START Source information

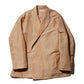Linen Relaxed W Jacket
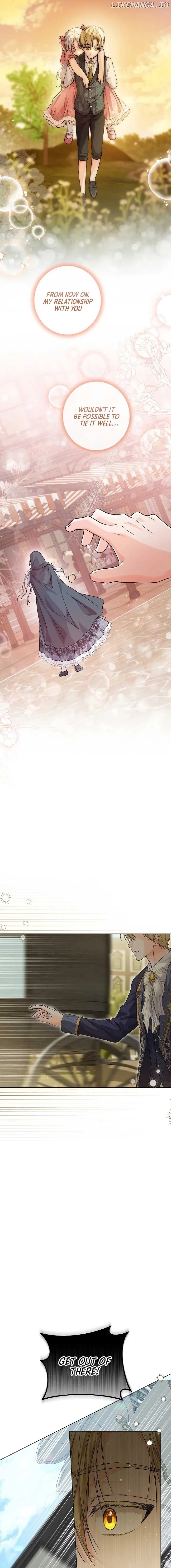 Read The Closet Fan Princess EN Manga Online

END Source information
START Source information

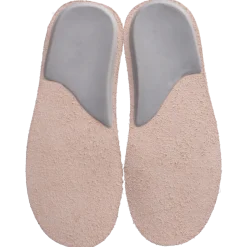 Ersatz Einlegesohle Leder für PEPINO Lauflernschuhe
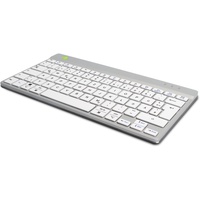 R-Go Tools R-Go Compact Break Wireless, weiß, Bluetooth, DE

END Source information

Aim of the exercise
In the listing above, find the line with "Linen Relaxed W Jacket" and the line with "Read The Closet Fan Princess EN Manga Online". Set down both and every line between them, minus the pictures.

Solution for this problem
Linen Relaxed W Jacket
 Read The Closet Fan Princess EN Manga Online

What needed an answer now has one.